AI Agent
Google's White Paper (2024-09).
o1 Pro.icon
1. agent overview
What is an agent?
A mechanism that allows interaction with external tools and external data that cannot be obtained with a stand-alone large-scale language model (LLM).
The model will be able to autonomously take in information, plan (reasoning), and act (e.g., API calls) using tools and other resources to achieve the user's goals.
Difference between agents and models
Simple model: infers and answers the user's question only once, based on the knowledge in the training data. No standard access to external APIs or data.
Agents: access to external data and use of external tools to solve problems with multi-turn (multi-turn) context management and execution plans.
2. agent core configuration (cognitive architecture)
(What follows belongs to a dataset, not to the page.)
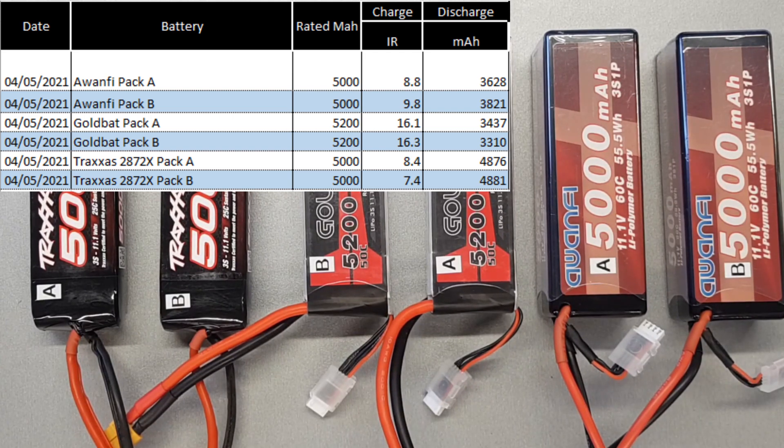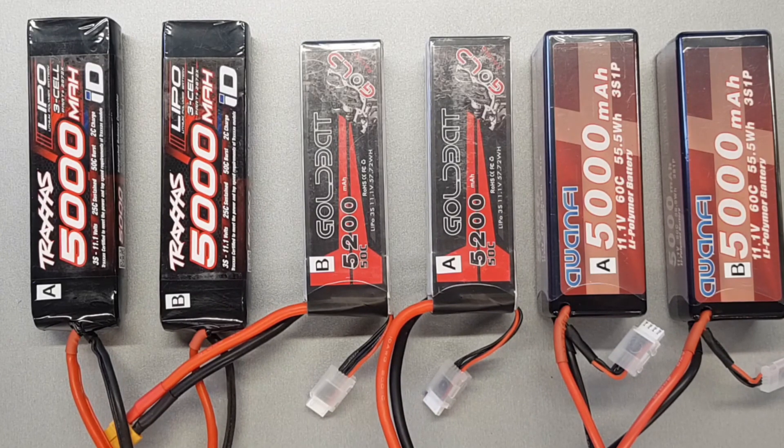You could buy two packs of the cheaper ones for the same price as the Traxxas and probably get a similar total run time. What the life expectancy will be like I don't know, but you get what you pay for, and of course you've got to make sure they'll fit your car. If there's anything else you want me to look at on the lipo or car side of things, drop a message, and if you can hit like and subscribe to help grow the channel, that would be much appreciated.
He explains that there are three major components to an agent.
Model (language model)
Language models (LLMs) at the core of inference; "how to use which tools" and "answers to user questions" using inference frameworks such as ReAct, Chain-of-Thought, and Tree-of-Thoughts.
Tools
It is responsible for access to external systems and API calls that cannot be made by the model alone.
For example, "Weather API", "Database Update API", "Google Flights API", "Google Search API", etc.
[The orchestration layer
A mechanism that controls what is finally executed and in what order and how it is responded to, while receiving the output of the model and the results from the tool.
Here, the loop of "thinking → action → observation" is repeated many times to achieve the user's goal.
3. concrete reasoning and implementation flow
Methods are introduced that allow agents to put their "thoughts" into writing (reasoning by explicitly indicating the thought process) and methods that further strengthen the intermediate steps leading to the solution.
The example of the ReAct framework explains in detail the flow of generating the final response by repeating the "Thought (thinking) → Action (tool execution) → Observation (result confirmation)" process.
Methods for handling external tools
Extensions
Vertex AI provides a mechanism, a standardized interface for agents to directly call and interact with external APIs. By teaching API arguments (parameters) and usage examples to agents, they can spontaneously determine and execute the most appropriate API call.
The design is such that only "function names and arguments to be called" are proposed on the agent side, and the actual API calls are made on the application (client) side.
Useful for authentication, security, batch execution, and cases where the front end intervenes first.
As an example, the agent calls the function "display_cities" and returns the parameters in JSON format. The flow is then described in which the client side makes API calls and performs additional processing.
Data Stores
The RAG (Retrieval Augmented Generation)-like design utilizes a vector database to search and reference external documents as required by the user's query.
Incorporate the latest information and documents that are not in the model's training data to increase the accuracy and freshness of responses.
---
This page is auto-translated from /nishio/AIエージェント using DeepL. If you looks something interesting but the auto-translated English is not good enough to understand it, feel free to let me know at @nishio_en. I'm very happy to spread my thought to non-Japanese readers.